Truncation discards information. The SapBERT and Ollama encoders pack semantic meaning across all 768 dimensions, and lopping off the tail loses the long-range feature interactions that distinguish similar-but-different concepts.

With the move to Ollama, we expanded to 768 dimensions — the encoder's native width:

New (768-dim):
[0-32]: Demographics (32)
[32-224]: Conditions (192) ← 50% more capacity
[224-320]: Measurements (96) ← 50% more capacity
[320-512]: Drugs (192) ← 50% more capacity
[512-672]: Procedures (160) ← 67% more capacity
[672-768]: Genomics (96) ← 50% more capacity

The pgvector column was altered from vector(512) to vector(768), the IVFFlat index was rebuilt, and the migration file was updated to reflect the new dimension for fresh installs.

Demographics and Measurements: Numeric, Not Encoded

Two of the six dimensions don't use the language model at all:

Demographics (32 dims): Age is normalized (age_bucket / 20), gender is encoded as +1 (male) / -1 (female) / 0 (unknown), and race uses one-hot encoding in dims 2-31 mapped to OMOP race concept IDs (8516=Black, 8527=White, 8515=Asian, etc.).
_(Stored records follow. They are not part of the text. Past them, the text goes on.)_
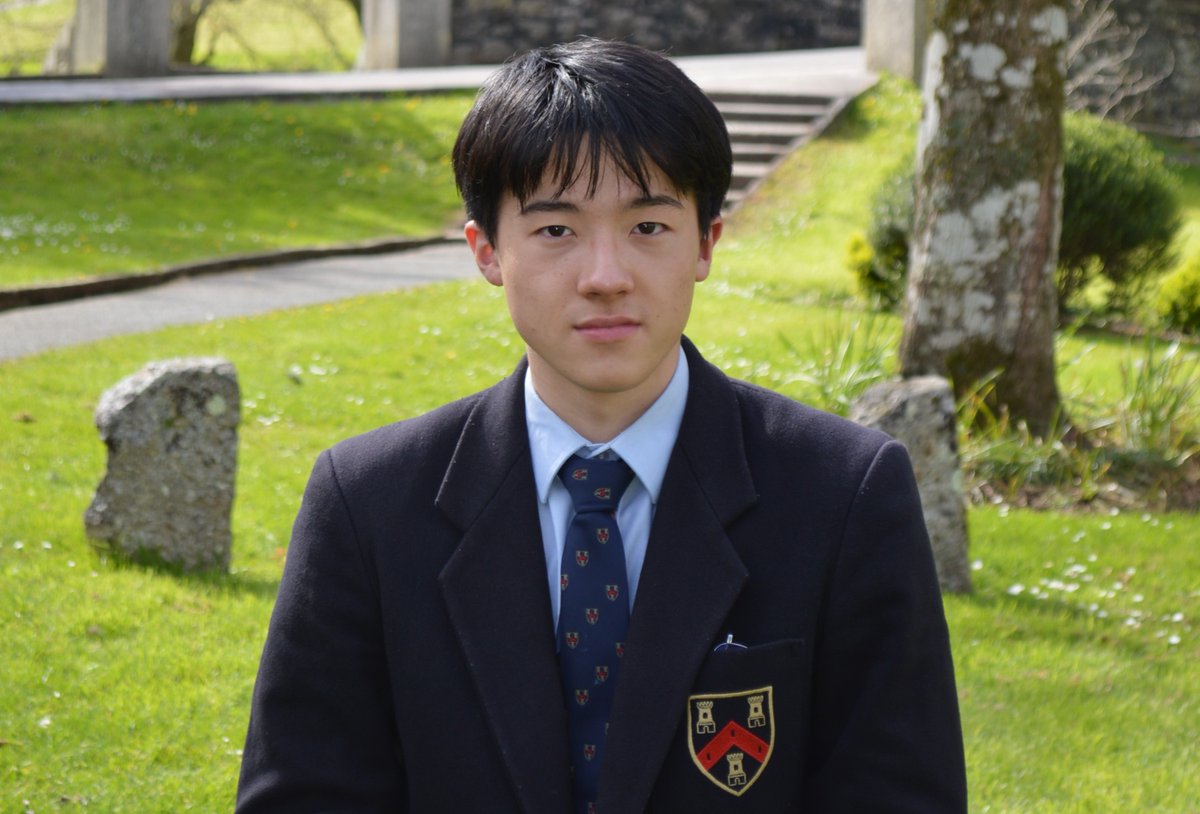 Year 11 pupil, Lucas, achieved the highest score in the school - and Gold status - in the recent #UKMT Intermediate Maths Challenge. He was invited to take part in the next challenge, The Pink Kangaroo, and his score for that paper put him in the top 25% in the country. A very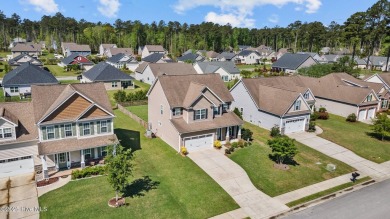 Welcome to 5308 Bayberry Park Drive - Where Southern Charm Meets on Carolina Colours Golf Club in North Carolina - for sale on GolfHomes.com, golf home, golf lot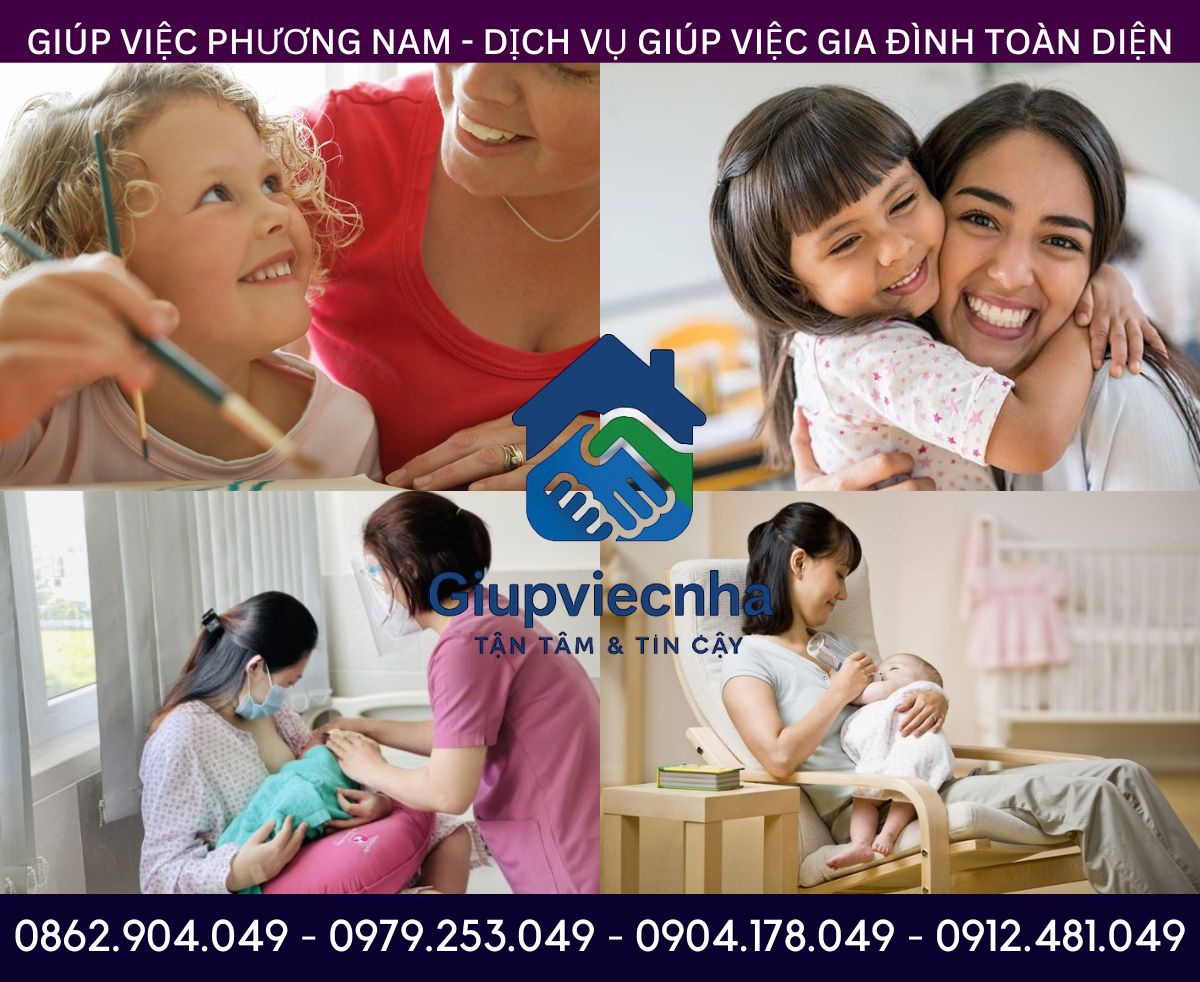 Sẵn sàng thay thế: Trông trẻ tại Đắk Lắk linh hoạt đổi người khi không phù hợp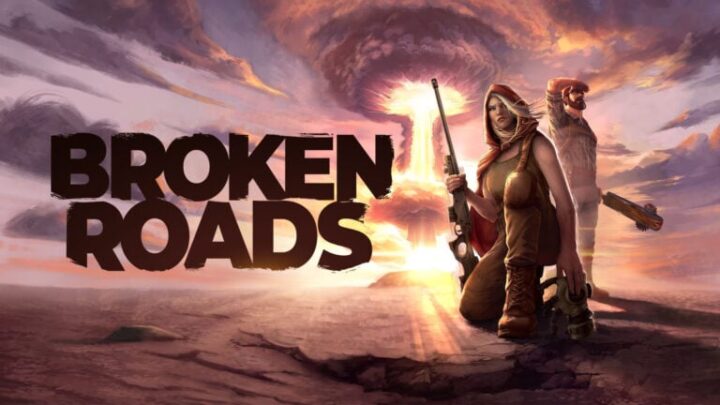 Broken Roads confirma su lanzamiento para el 10 de abril en PS5, PS4, Xbox y PC | Nuevo tráiler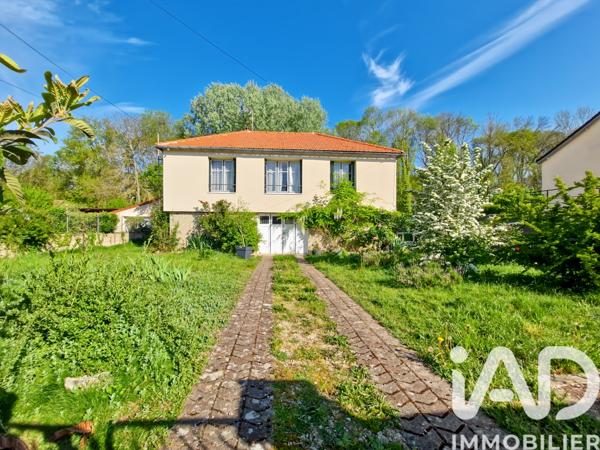 Maison à vendre 4 pièces 61 m² Migennes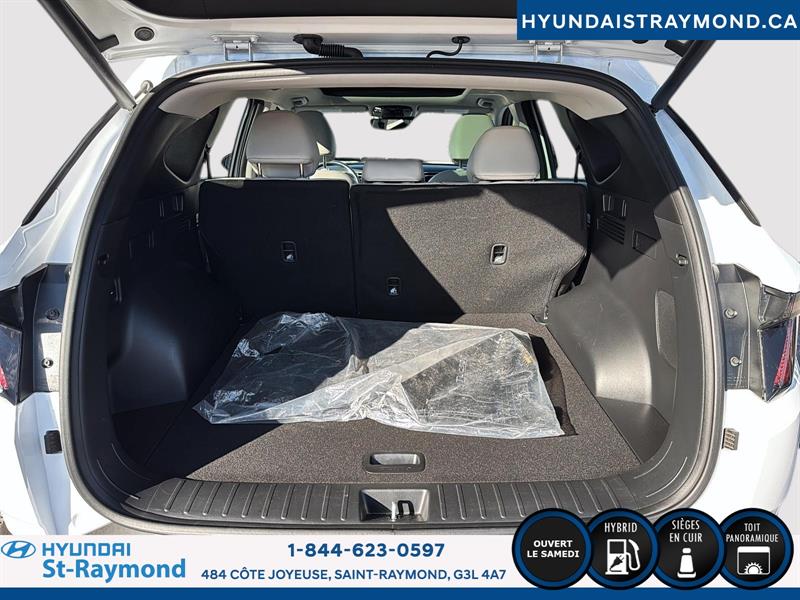 hyundai Tucson hybride 2024 - 6
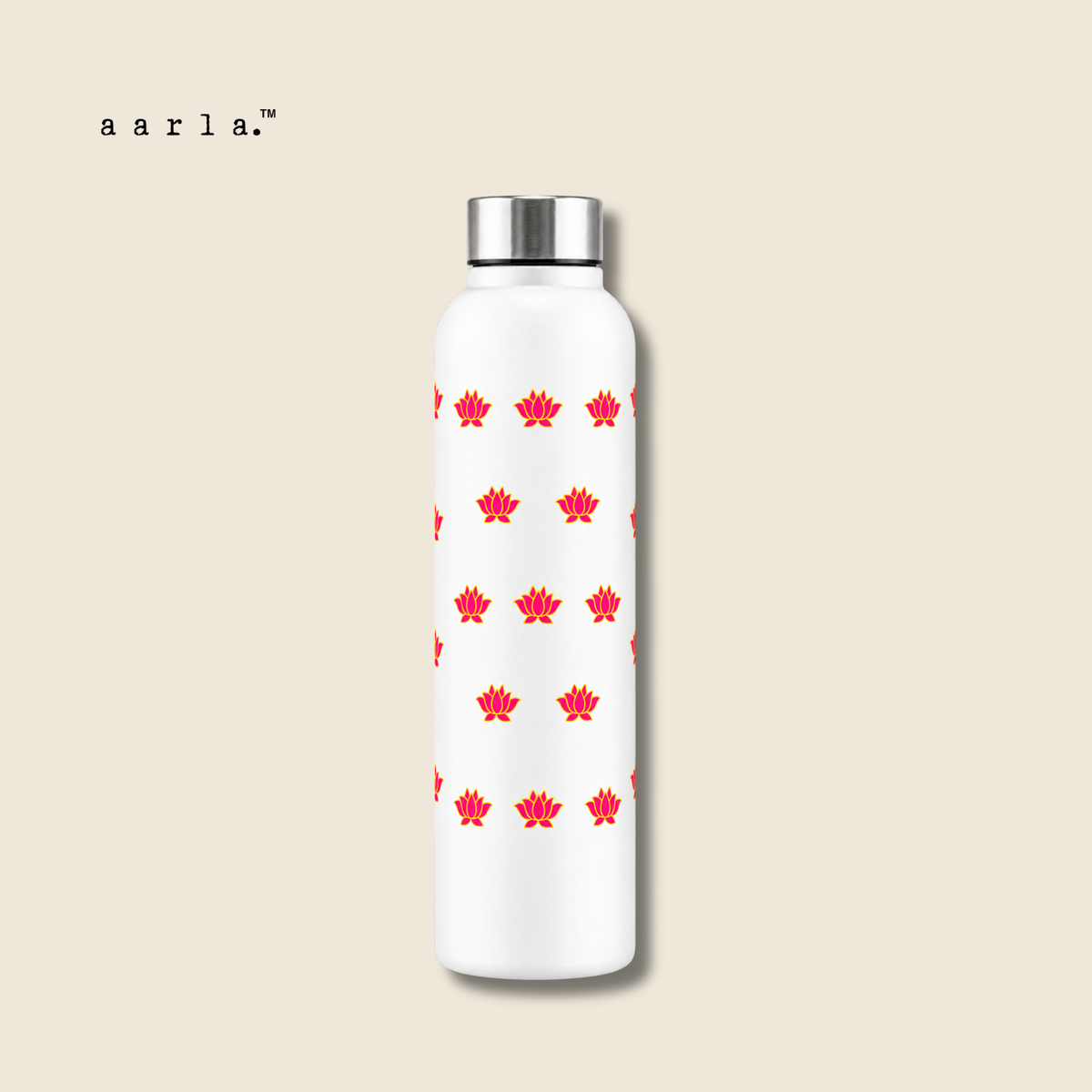 Lotus Water Bottle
This is simple, deterministic, and doesn't need a language model.

Measurements (96 dims): Lab z-scores are clipped to [-5, 5], normalized to [-1, 1], and packed directly into the vector. The z-scores come from population-level statistics computed per source: for each measurement concept, we compute mean and standard deviation across all patients, then express each patient's value as a distance from the population mean. A hemoglobin of 7.2 g/dL means different things depending on whether the population average is 8.5 (critical) or 14.0 (severely anemic).

The remaining four dimensions — conditions, drugs, procedures, and genomics — are encoded through Ollama. OMOP concept IDs (integers) are passed as text strings to the embedding model, which maps them into dense semantic space. Related concepts cluster together: metformin and insulin share neighborhood structure; KRAS and TP53 occupy nearby regions of the genomics subspace. Mean pooling across all concepts in a dimension produces a single representative vector for that clinical aspect of the patient.


The 123x Speedup: Batch Deduplication

The original pipeline processed patients one at a time. Each patient triggered four Ollama calls — one per encoded dimension (conditions, drugs, procedures, genomics). For a batch of 200 patients, that's 800 Ollama calls.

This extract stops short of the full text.